◆ WORK TO BE COMPLETED ◆
Count the lines below that carry the word "Long". Answer with that number alone.

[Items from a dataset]
============================================================

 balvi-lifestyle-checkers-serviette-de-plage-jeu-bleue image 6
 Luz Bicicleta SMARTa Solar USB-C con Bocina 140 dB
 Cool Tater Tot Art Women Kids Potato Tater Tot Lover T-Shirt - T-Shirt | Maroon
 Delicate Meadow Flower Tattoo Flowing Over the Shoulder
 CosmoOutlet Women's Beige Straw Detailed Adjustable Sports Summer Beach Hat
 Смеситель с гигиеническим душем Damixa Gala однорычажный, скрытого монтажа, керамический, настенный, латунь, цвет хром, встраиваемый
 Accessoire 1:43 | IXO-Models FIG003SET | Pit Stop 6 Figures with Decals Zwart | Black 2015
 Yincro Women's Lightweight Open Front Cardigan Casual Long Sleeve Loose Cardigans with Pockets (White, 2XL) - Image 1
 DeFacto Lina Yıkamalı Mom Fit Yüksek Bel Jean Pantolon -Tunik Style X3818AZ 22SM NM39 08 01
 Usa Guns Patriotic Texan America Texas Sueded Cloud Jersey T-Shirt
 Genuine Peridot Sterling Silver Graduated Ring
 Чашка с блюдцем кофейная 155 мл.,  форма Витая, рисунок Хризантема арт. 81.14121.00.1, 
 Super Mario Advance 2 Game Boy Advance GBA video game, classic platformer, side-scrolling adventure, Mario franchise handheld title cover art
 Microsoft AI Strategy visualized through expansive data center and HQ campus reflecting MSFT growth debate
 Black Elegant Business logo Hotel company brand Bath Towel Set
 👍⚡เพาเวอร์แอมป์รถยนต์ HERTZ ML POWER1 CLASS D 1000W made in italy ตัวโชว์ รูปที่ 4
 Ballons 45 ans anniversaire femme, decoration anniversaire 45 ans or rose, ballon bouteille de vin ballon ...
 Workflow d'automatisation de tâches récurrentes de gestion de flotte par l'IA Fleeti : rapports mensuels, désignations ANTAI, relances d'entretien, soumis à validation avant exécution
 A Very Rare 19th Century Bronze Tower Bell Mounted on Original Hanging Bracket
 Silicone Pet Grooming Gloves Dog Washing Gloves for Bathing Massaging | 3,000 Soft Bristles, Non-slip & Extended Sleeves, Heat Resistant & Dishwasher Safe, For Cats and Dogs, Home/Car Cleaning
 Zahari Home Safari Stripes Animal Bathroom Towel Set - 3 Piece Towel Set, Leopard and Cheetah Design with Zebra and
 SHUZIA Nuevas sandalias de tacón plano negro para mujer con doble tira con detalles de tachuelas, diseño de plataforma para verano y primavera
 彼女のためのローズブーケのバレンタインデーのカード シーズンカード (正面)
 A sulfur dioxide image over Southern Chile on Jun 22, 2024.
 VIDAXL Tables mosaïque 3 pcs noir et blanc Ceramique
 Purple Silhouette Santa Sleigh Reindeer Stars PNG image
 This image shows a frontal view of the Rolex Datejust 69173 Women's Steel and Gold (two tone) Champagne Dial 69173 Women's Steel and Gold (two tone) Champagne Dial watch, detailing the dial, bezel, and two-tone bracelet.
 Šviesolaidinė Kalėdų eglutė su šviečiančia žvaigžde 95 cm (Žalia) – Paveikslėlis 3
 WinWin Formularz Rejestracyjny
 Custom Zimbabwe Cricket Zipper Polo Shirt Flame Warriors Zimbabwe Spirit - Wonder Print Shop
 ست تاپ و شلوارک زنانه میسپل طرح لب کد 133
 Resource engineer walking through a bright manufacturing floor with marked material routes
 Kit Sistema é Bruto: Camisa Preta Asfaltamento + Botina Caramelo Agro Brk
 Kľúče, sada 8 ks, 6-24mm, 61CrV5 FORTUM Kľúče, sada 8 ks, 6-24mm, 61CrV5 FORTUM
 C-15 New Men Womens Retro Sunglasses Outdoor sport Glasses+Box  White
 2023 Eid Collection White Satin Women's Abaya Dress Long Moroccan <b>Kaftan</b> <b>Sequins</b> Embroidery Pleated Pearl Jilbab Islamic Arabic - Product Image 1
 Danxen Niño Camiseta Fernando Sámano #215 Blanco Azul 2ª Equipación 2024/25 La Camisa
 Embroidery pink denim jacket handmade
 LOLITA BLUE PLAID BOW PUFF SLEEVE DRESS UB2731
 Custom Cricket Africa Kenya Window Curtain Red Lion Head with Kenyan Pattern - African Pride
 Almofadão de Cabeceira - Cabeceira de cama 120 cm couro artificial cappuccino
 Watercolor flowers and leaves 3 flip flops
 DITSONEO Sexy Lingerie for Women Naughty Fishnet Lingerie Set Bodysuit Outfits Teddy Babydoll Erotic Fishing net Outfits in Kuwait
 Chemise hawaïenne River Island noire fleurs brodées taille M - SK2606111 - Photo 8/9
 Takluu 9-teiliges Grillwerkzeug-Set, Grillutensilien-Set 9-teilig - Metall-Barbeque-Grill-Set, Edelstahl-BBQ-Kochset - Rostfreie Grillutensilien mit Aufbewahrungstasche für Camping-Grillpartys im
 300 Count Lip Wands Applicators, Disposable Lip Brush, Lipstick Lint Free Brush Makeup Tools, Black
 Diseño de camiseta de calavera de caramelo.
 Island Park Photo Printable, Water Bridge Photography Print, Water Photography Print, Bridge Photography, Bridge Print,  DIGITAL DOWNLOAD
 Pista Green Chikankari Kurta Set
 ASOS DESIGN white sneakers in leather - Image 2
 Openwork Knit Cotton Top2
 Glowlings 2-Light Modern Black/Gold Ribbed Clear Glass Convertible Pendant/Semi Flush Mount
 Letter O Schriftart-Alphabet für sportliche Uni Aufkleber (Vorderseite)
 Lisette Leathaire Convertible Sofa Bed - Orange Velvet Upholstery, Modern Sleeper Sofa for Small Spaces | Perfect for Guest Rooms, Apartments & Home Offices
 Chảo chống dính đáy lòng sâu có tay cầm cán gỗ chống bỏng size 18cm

============================================================

◆ RESPONSE AREA ◆
2